Przeprowadzka ze Sztokholmu na plantację choinek na północy Szwecji jest beznadziejna sama w sobie, ale kiedy śnieg zaczyna padać wcześniej niż zwykle i odcina dostęp do reszty świata, robi się jeszcze gorzej. W starym lesie czają się postacie, które zbliżają się do odciętego od cywilizacji domku. Jedynym co oddziela mieszkającą w nim rodzinę Stombergów od złowrogich istot są ściany. W obliczu niebezpieczeństwa, które w każdej chwili może uderzyć, coraz trudniej jest odróżnić rzeczywistość od iluzji.

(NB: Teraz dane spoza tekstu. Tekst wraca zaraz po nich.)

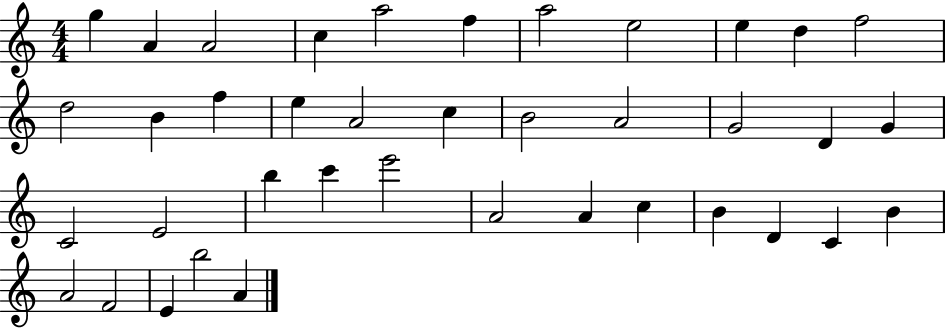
X:1
T:Untitled
M:4/4
L:1/4
K:C
g A A2 c a2 f a2 e2 e d f2 d2 B f e A2 c B2 A2 G2 D G C2 E2 b c' e'2 A2 A c B D C B A2 F2 E b2 A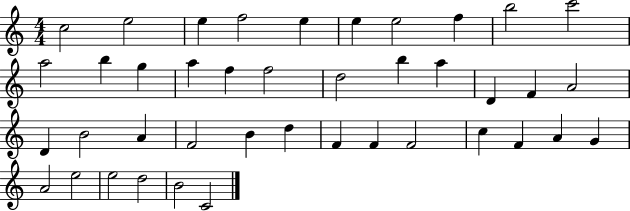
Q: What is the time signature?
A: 4/4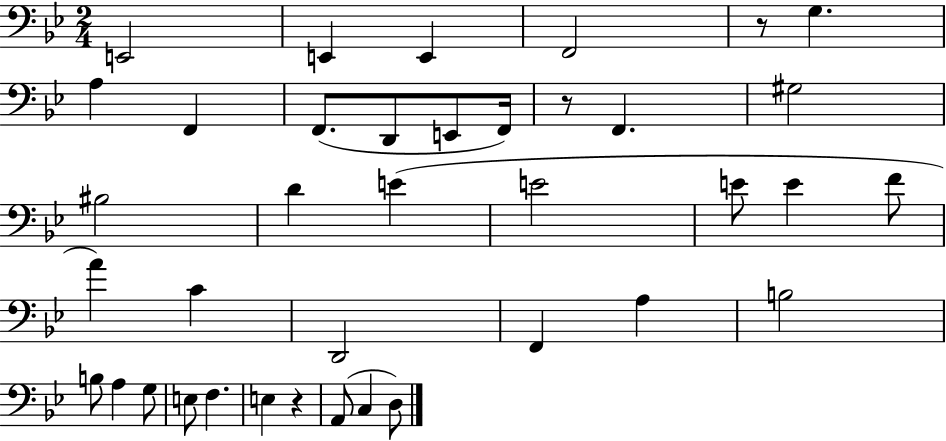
X:1
T:Untitled
M:2/4
L:1/4
K:Bb
E,,2 E,, E,, F,,2 z/2 G, A, F,, F,,/2 D,,/2 E,,/2 F,,/4 z/2 F,, ^G,2 ^B,2 D E E2 E/2 E F/2 A C D,,2 F,, A, B,2 B,/2 A, G,/2 E,/2 F, E, z A,,/2 C, D,/2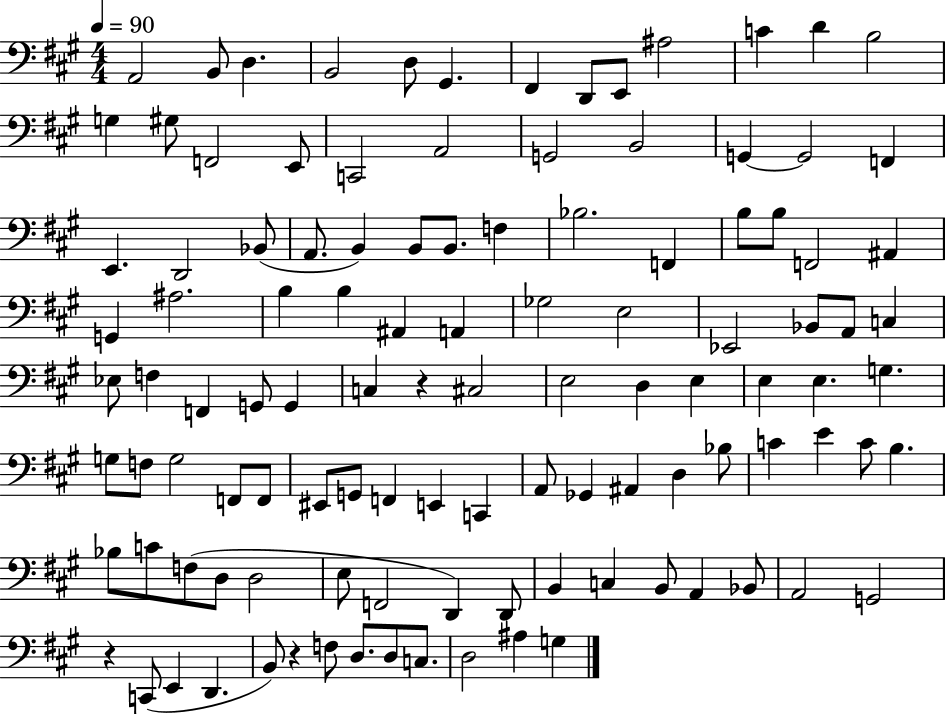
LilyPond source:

{
  \clef bass
  \numericTimeSignature
  \time 4/4
  \key a \major
  \tempo 4 = 90
  a,2 b,8 d4. | b,2 d8 gis,4. | fis,4 d,8 e,8 ais2 | c'4 d'4 b2 | \break g4 gis8 f,2 e,8 | c,2 a,2 | g,2 b,2 | g,4~~ g,2 f,4 | \break e,4. d,2 bes,8( | a,8. b,4) b,8 b,8. f4 | bes2. f,4 | b8 b8 f,2 ais,4 | \break g,4 ais2. | b4 b4 ais,4 a,4 | ges2 e2 | ees,2 bes,8 a,8 c4 | \break ees8 f4 f,4 g,8 g,4 | c4 r4 cis2 | e2 d4 e4 | e4 e4. g4. | \break g8 f8 g2 f,8 f,8 | eis,8 g,8 f,4 e,4 c,4 | a,8 ges,4 ais,4 d4 bes8 | c'4 e'4 c'8 b4. | \break bes8 c'8 f8( d8 d2 | e8 f,2 d,4) d,8 | b,4 c4 b,8 a,4 bes,8 | a,2 g,2 | \break r4 c,8( e,4 d,4. | b,8) r4 f8 d8. d8 c8. | d2 ais4 g4 | \bar "|."
}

Przed Stombergami naprawdę stoi trudne zadanie - pozostać przy zdrowych zmysłach i przetrwać tę pełną mroku zimę.
Wydawnictwo: Zielona Sowa
Data wydania: 2019-02-13
Kategoria: Kryminał, sensacja, thriller
ISBN:
Liczba stron: 376
Tytuł oryginału: Fir
Tłumaczenie: Mateusz Rulski-Bożek
To książka raczej dla nastoletniej młodzieży ale muszę przyznać, że wciągająca, bardzo byłam ciekawa zakończenia. Książka opowiadana jest z perspektywy nastoletniego chłopca a więc napisana młodzieżowym językiem a co za tym idzie, typowym slangiem i myśleniem ja kontra "starzy". Jego rodzice postanawiają nagle z Sztokholmu wyjechać na południe gdzie są same lasy choinkowe, jego ojciec wpada na szalony pomysł założenia plantacji i tartaku. Na miejscu okazuje się, że kupili nie zwykły dom ale ogromny dworek takie jak kiedyś budowano, z niezliczoną ilością pokoi dla służby, z okazałą biblioteką. A dodatkowo znajduje się tam dziwna budząca grozę służąca Dorothea, która wydaje się, że jest tam od wieków, plus ekolog pan Tomas z grupką dzieci. W okolicy część lasu jest nowo wyhodowana, przeznaczona na wyręb a część jest stara pierwotna mająca tysiące lat. Chłopiec początkowo nudząc się bada to wielkie domostwo, i zaczynają dziać się dziwne rzeczy, chłopiec też odkrywa zdjęcia poprzednich mieszkańców a ponadto fotografie i zapiski, z których wynika, że giną dzieci i dzieją się dziwne przypadki w okolicy. Dopada ich zamieć śnieżna, zostają odcięci, las a także strasząca Dorothea "tutaj dzieci giną", "tutaj ludzie nie wychodzą z lasu" i do tego szwedzki, mroczny klimat lasu wydającego dziwne dźwięki.... No ciekawa książka!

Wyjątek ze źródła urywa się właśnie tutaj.